TASK DIRECTIONS –
The answer is to be an exact copy of the lines below running from the line with "Delock USB3.0 Pinheaderkabel 30 cm intern" down to the line with "Rothco Honor and", both ends included, and nothing more.
═══ STORED DATA
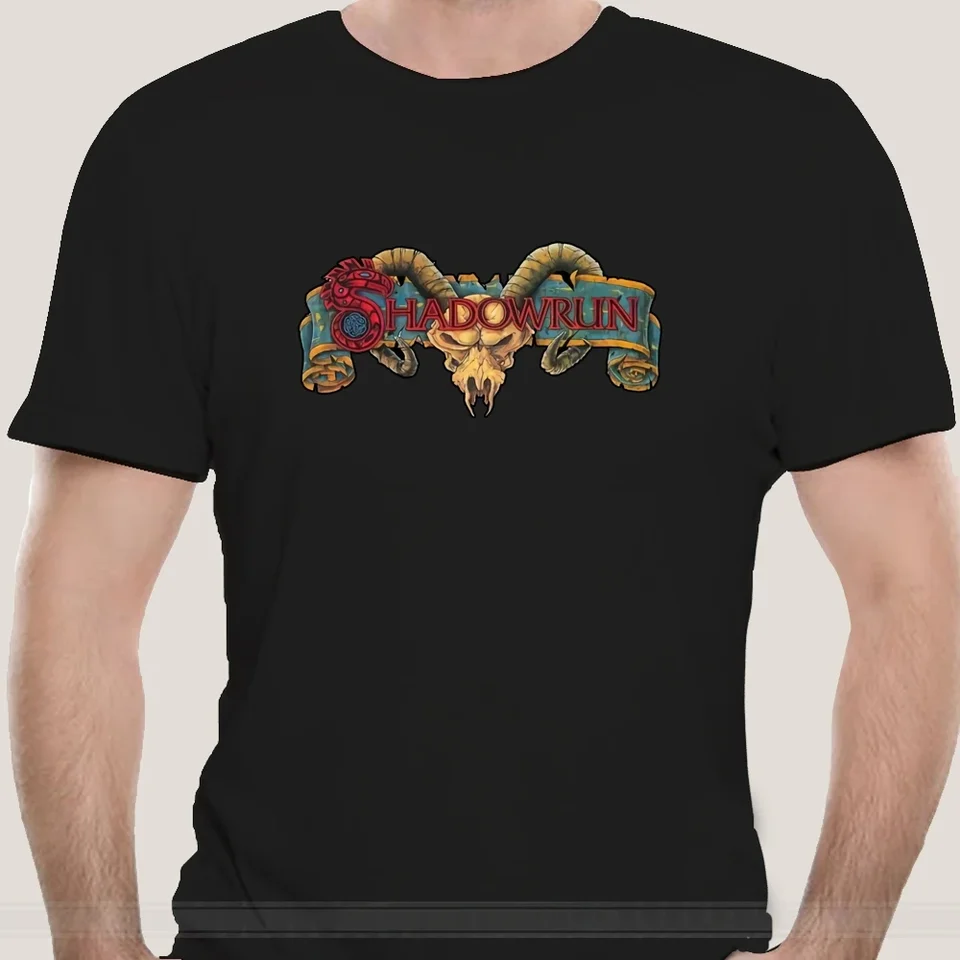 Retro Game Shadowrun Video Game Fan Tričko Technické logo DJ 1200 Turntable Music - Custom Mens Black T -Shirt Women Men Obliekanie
══════
═══ STORED DATA
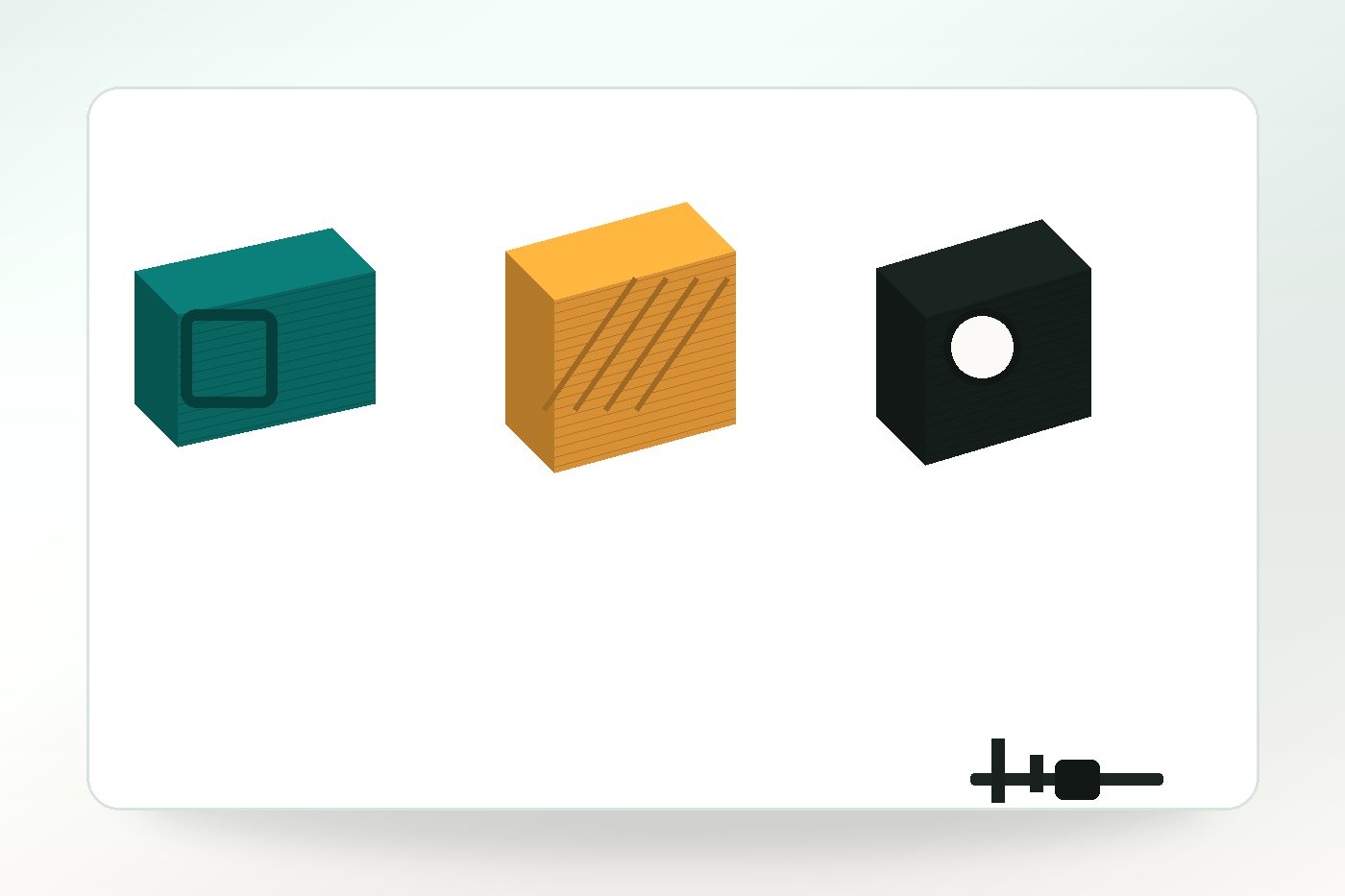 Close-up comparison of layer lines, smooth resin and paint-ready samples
══════
═══ STORED DATA
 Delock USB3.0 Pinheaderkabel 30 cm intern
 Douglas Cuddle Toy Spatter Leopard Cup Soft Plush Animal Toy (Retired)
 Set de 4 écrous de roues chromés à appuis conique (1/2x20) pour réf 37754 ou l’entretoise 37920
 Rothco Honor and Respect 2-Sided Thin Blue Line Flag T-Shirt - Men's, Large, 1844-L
══════
YOUR RESPONSE –
 Delock USB3.0 Pinheaderkabel 30 cm intern
 Douglas Cuddle Toy Spatter Leopard Cup Soft Plush Animal Toy (Retired)
 Set de 4 écrous de roues chromés à appuis conique (1/2x20) pour réf 37754 ou l’entretoise 37920
 Rothco Honor and Respect 2-Sided Thin Blue Line Flag T-Shirt - Men's, Large, 1844-L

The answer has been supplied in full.